** Opening EXERCISE INPUTS block **

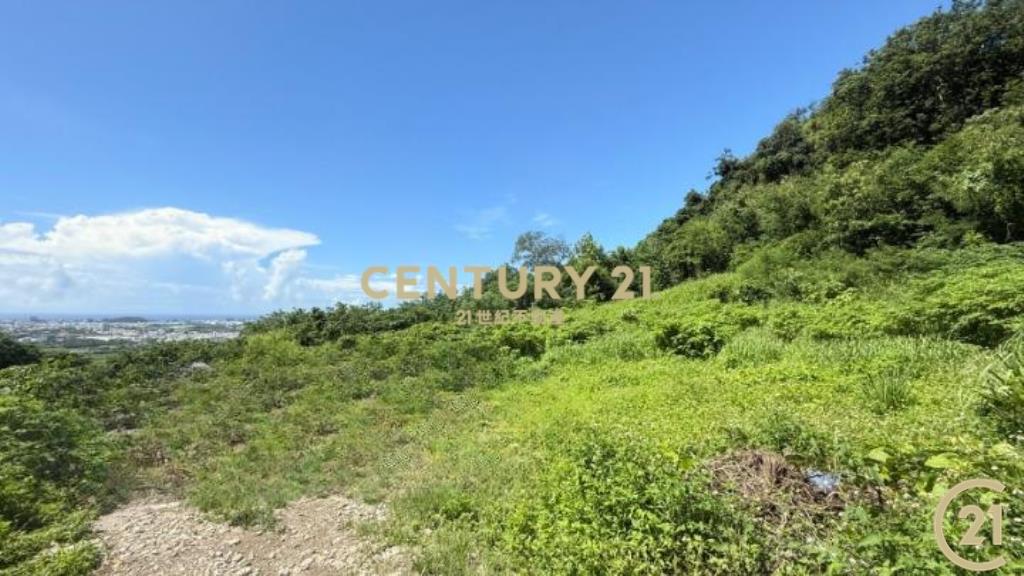 卑南無敵夜景正2分半B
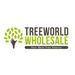 treeworldwholesale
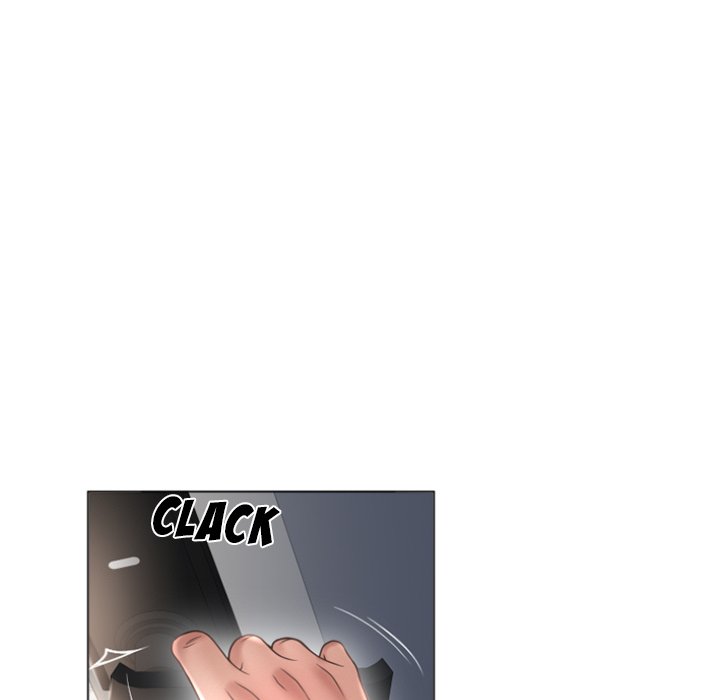 Close, but Far chapter 32 page 152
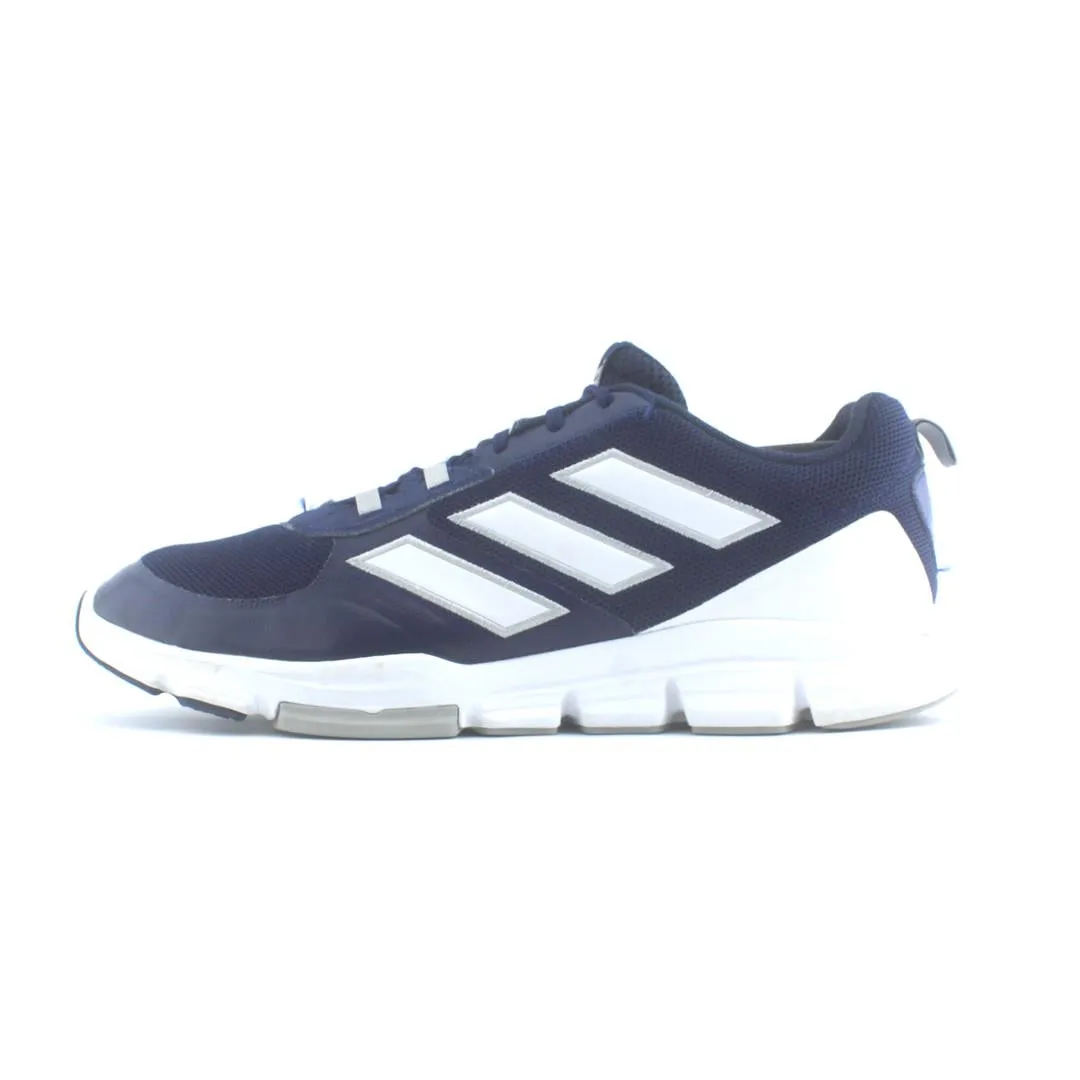 ADIDAS  SPEED TRAINER 5 Different Kinds Of Running Shoes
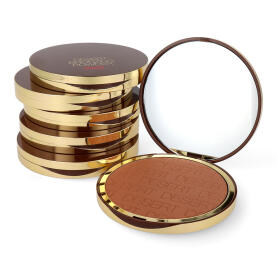 Pupa Desert Bronzing Powder Maxi Size 30 g / 1.05 oz.
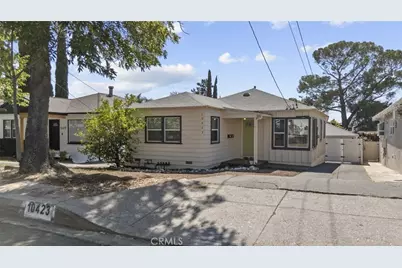 10423 McClemont Avenue, Tujunga, CA 91042 - Photo 1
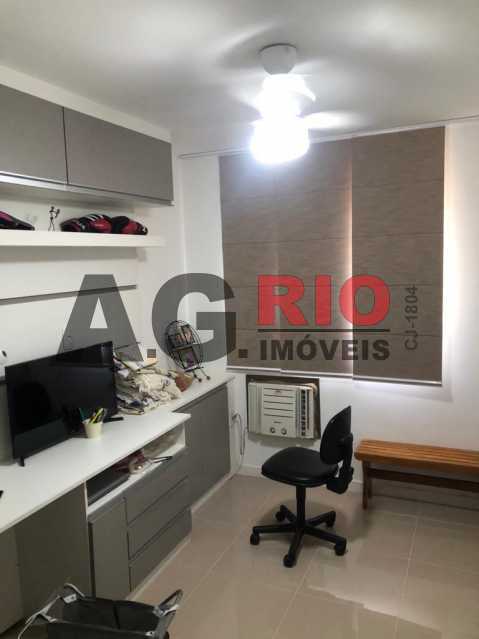 Conheça IMG-20210114-WA0058 do imóvel - Apartamento 2 quartos à venda Rio de Janeiro,RJ - R$ 580.000 - TQAP20529 - 11 IMG-20210114-WA0058 - Apartamento 2 quartos à venda Rio de Janeiro,RJ - R$ 580.000 - TQAP20529 - 11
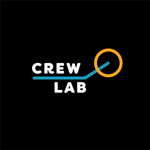 CrewLAB: Row, Run, Swim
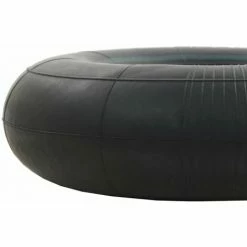 VidaXL Chambre à Air 4pcs 3.00-4 260x85 Pour Roue De Diable Caoutchouc - Noir -chariot de jardin Soldes 2024 10555791 5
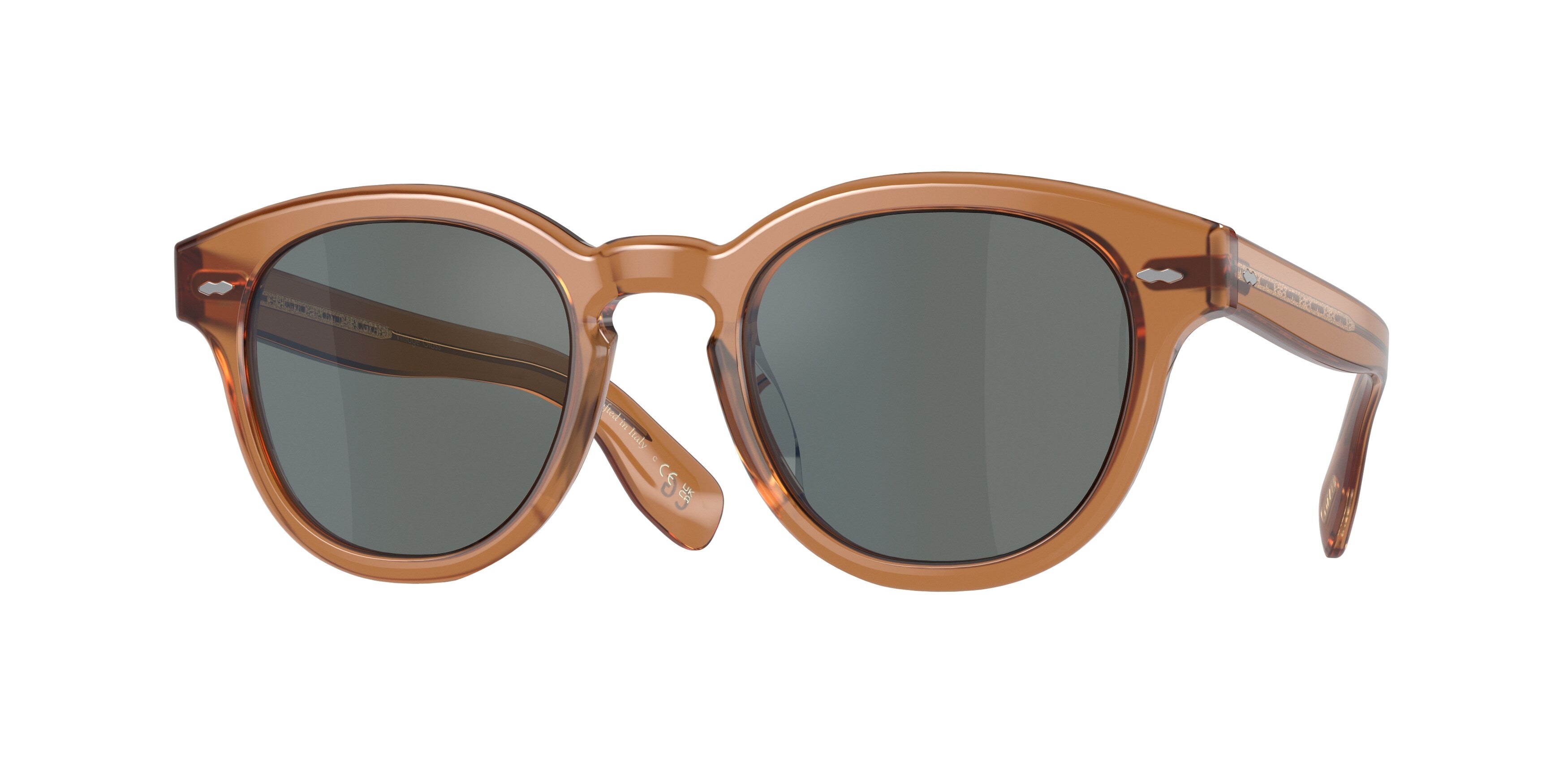 Oliver Peoples OV5413SU CARY GRANT SUN 1783W5 Occhiali da sole Oliver Peoples 1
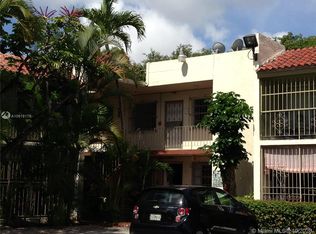 520 NE 38th St APT 2, Miami, FL 33137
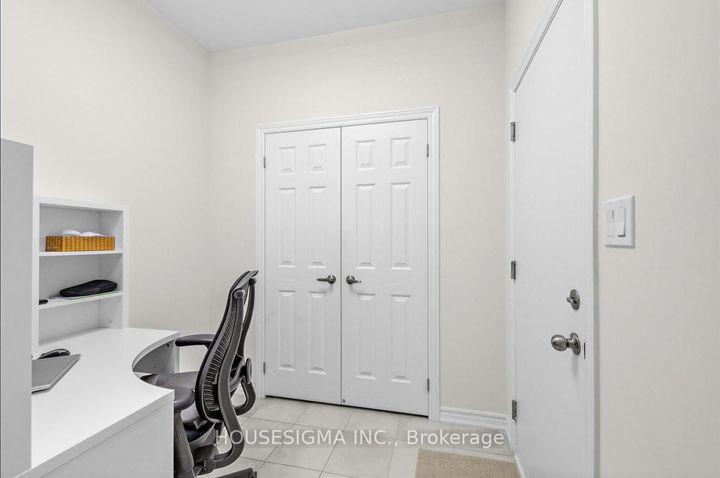 Photo 22 at 1348 Apollo Street, Eastdale, Oshawa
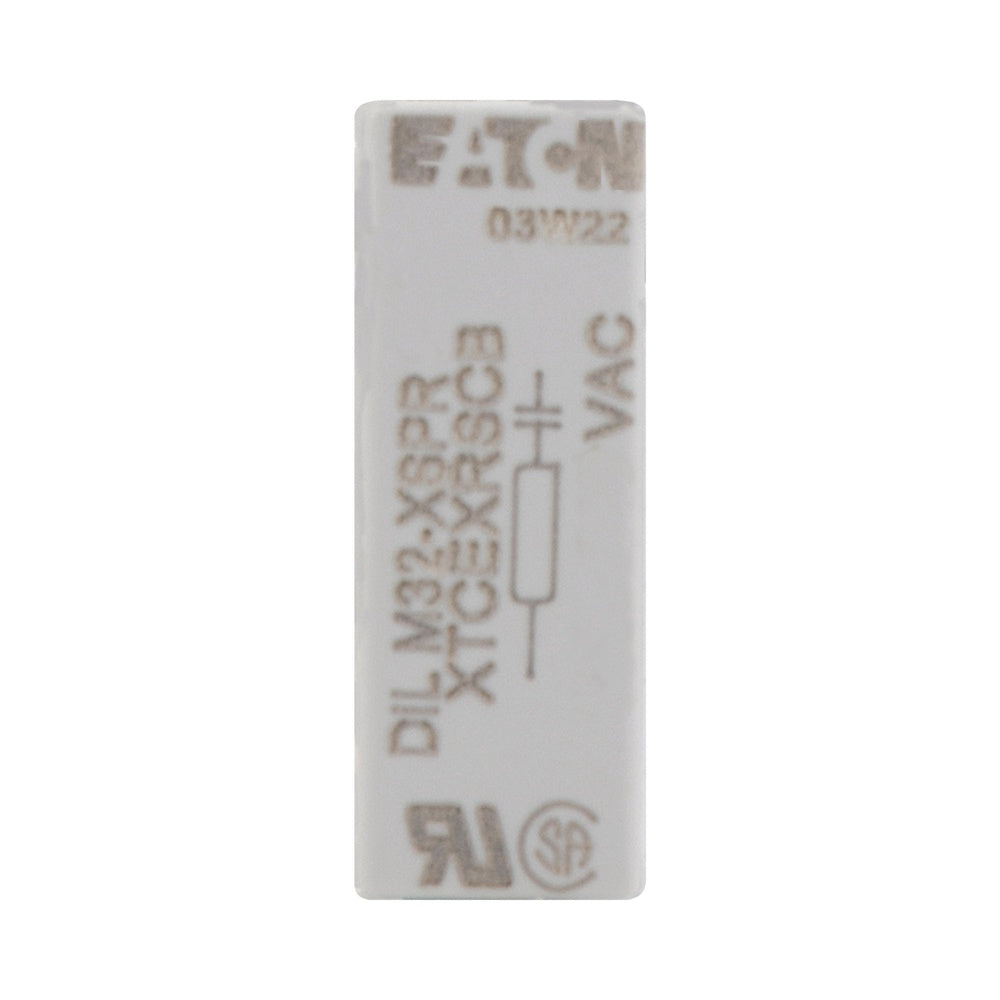 EATON INDUSTRIES Filtro De Interferencias De Red DILM - 281203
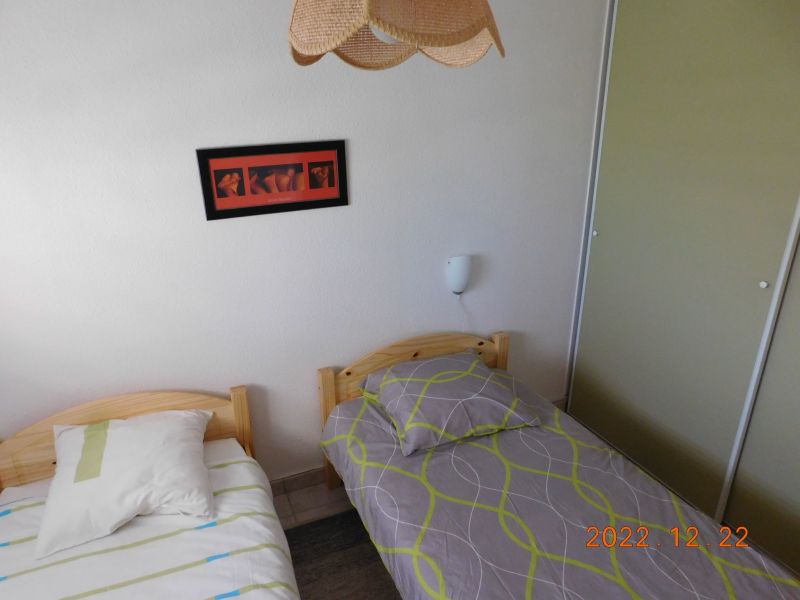 foto 7 Affitto tra privati Mimizan appartement Aquitania Landes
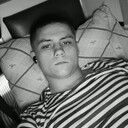 ���������� ������, ���� ����� Igor, 21 ���, ������������ ��� ������, ����� � ���������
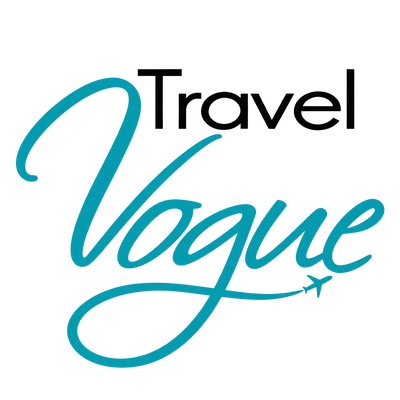 Travel Vogue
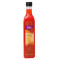 Orange Syrup (700Ml)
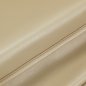 Professionele massagestoel Sakura Comfort Plus 806 beige voor wellness en spa met ontspannende massageprogramma’s Professionele massagestoel Sakura Comfort Plus 806 beige voor wellness en spa met ontspannende massageprogramma’s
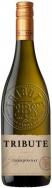 Tribute - Chardonnay 2020 (750ml)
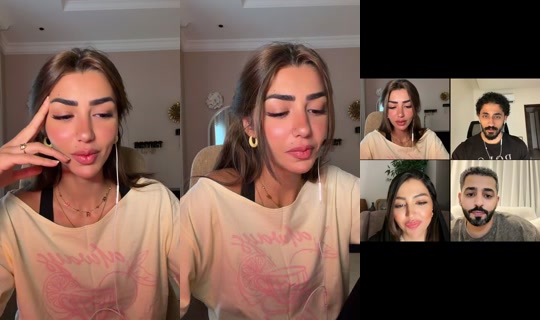 s_ol2000 TikTok Live — Jul 15, 2026, 6:26 AM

** Closing EXERCISE INPUTS block **

TASK TO COMPLETE: Working from the entries above, reproduce exactly and only the lines beginning with the line that has "520 NE 38th St APT 2, Miami, FL 33137" and ending with the line that has "Orange Syrup (700Ml)"; omit all pictures.

SOLUTION FOR THIS TASK:
 520 NE 38th St APT 2, Miami, FL 33137
 Photo 22 at 1348 Apollo Street, Eastdale, Oshawa
 EATON INDUSTRIES Filtro De Interferencias De Red DILM - 281203
 foto 7 Affitto tra privati Mimizan appartement Aquitania Landes
 ���������� ������, ���� ����� Igor, 21 ���, ������������ ��� ������, ����� � ���������
 Travel Vogue
 Orange Syrup (700Ml)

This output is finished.